The White Pass and Yukon Route Railway arrived in 1900, and Whitehorse became the transfer point from rail to river en route to Dawson City. It remained a quiet village until the American invasion during the Second World War when both the CANOL pipeline and the Alaska Highway were constructed. The highway changed everything, and the community thrived and grew, causing Horace Moore, editor of The Whitehorse Star in 1946, to predict that “We might grow to be a city of 3,500.” How wrong he was!

Whitehorse: An Illustrated History, is divided into nine chapters, arranged chronologically from the city’s origins to the present day. In 364 pages, it traces life before the arrival of Europeans, and the coming of the “Cloud People.” An underlying theme of the book is the impact the “Cloud People” had upon the First Nations who lived and utilized the area, and the problems and challenges they faced when overwhelmed by an invading culture.
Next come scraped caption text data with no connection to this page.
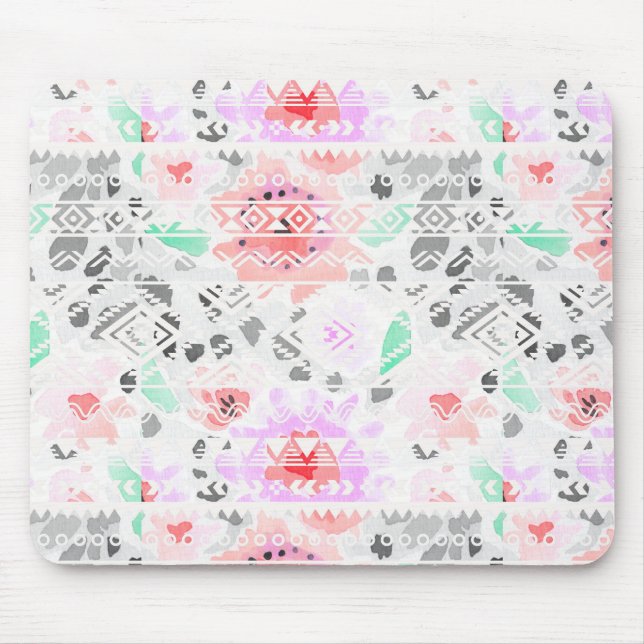 Cute colourful floral aztec mouse pad (Front)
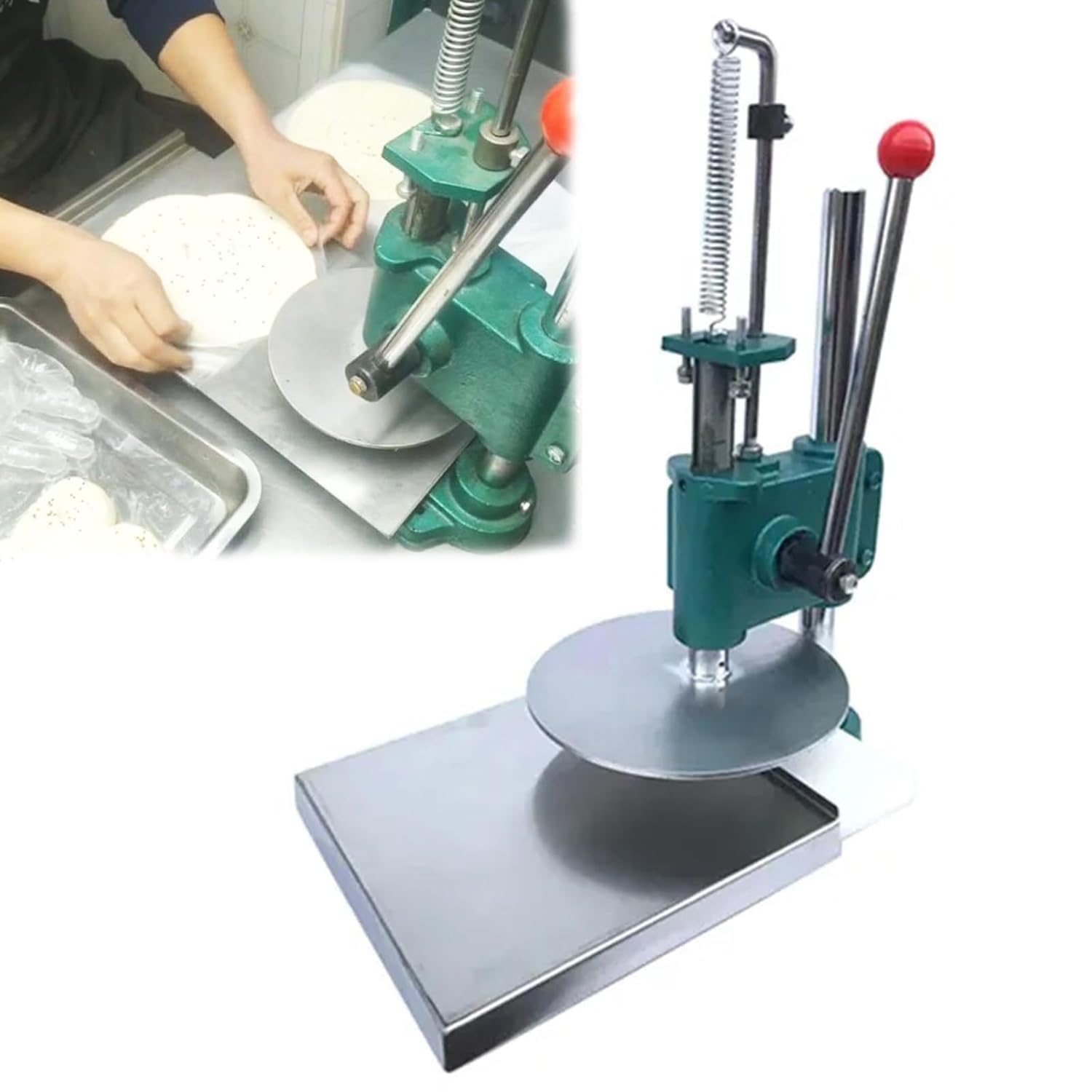Prensa De Repostería Manual Ajustable De 16-24 Cm para Aplanar La Masa De Tartas, Pizzas Y Panes Repostería Doméstica Y Comercial.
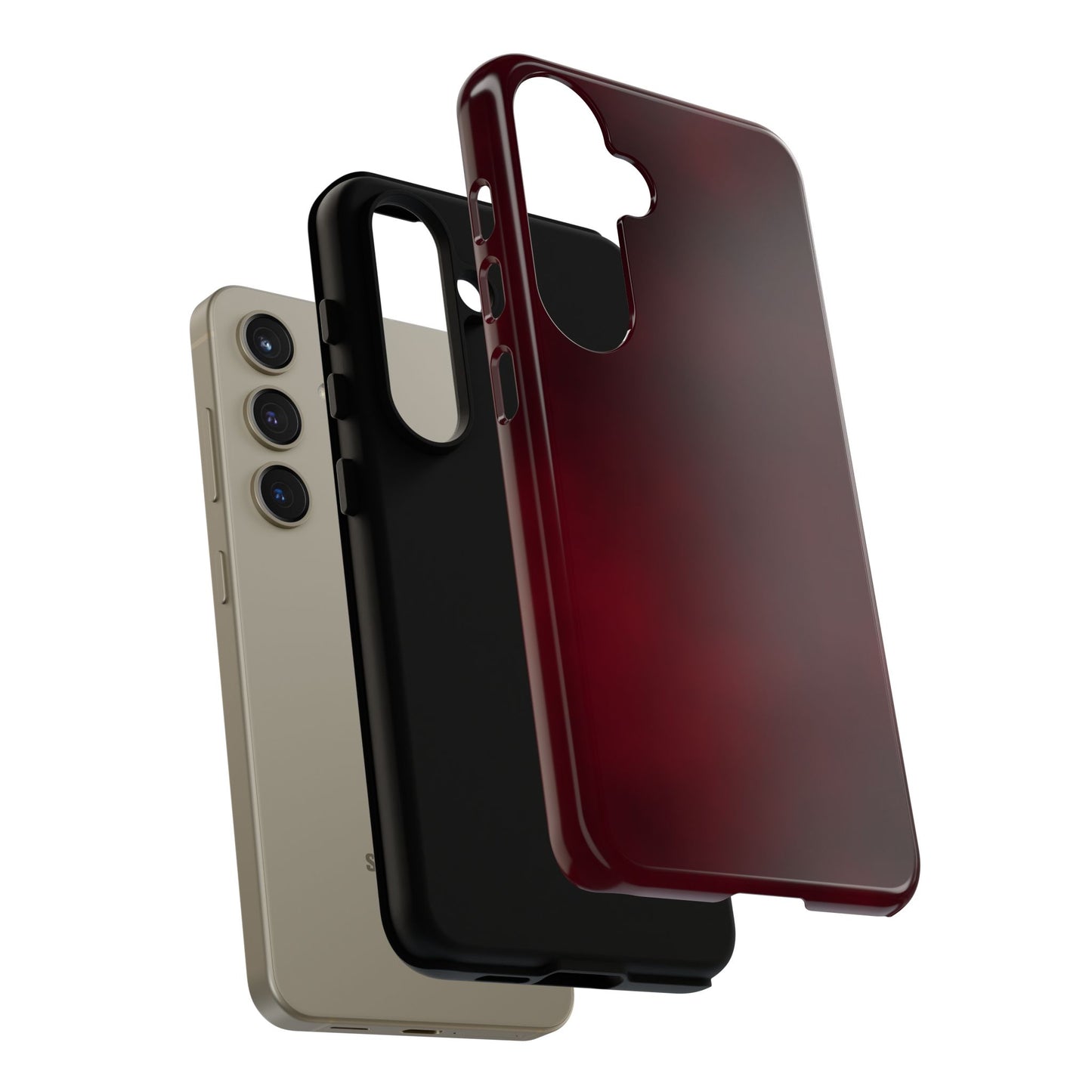 Vintage Burgundy Cherry Phone Case – Elegant Floral Design for iPhone 17 & Samsung Galaxy | Tough Protective Cover - JGUS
With the onset of the gold rush, and more particularly, the completion of a rail line to the western shore of the Yukon River below Whitehorse Rapid, Whitehorse grew and survived. It became the transportation hub for the southern Yukon. It was a company town, had a copper boom for a while, then endured fires and haphazard growth for decades.

Whitehorse: An Illustrated History covers many of the defining events and moments in the history of the community. It characterizes the early development of the town, and covers fur farming, early tourism, disasters and murders. It describes the impact of the construction of the Alaska Highway and the transfer of government from Dawson City. It details the growing pains of a town that had trouble keeping up with its own success.

Later chapters include sections on sports, aviation and cultural developments. The growth of various institutions and organizations is charted; prominent personalities are presented, and significant places and events are described. From its incorporation, the mayors of Whitehorse are profiled, and then listed in an appendix at the end of the book, as are prominent aboriginal leaders from the Whitehorse area.

Endnotes and photographic credits are neatly tucked away at the back, where they don’t intrude on the text, but are easily accessible for anyone interested in where the images, and the information, came from. A selected bibliography running almost two pages is followed by the profiles of the contributing authors: Bob Cameron, John Firth, Michele Genest, Ty Heffner, Rob Ingram, Marilyn Jensen, and Ingrid Johnson. The index is 11 pages long.

One of the strongest features of Whitehorse: A Illustrated History is the quantity and quality of the illustrations. There are 11 excellent maps and, by my count, 323 fascinating photographs. All are well chosen (including such photographers as James Quong, Ephraim Hamacher and E.A. Hegg). Many are in colour, and all are of a decent size and sharpness which is enhanced by the glossy format of the pages.

This book is a fascinating journey through the history of Whitehorse, and a remarkable accomplishment to have been taken from inception to publication in such a short time.

When I spoke to Ione Christensen about the birth of this brainchild, she expressed regret for the many topics that were not included in the book, but I don’t think she has to worry. This book is a stunning summary of the life of the community, and fills a long overlooked gap in our history.

The official launch for Whitehorse: An Illustrated History will take place at the Old Fire Hall on Front Street next Friday, November 29. The doors will open at 4:30 p.m. and the program will run from 5:30 to 6:30. Books will be available for sale and signing until 9.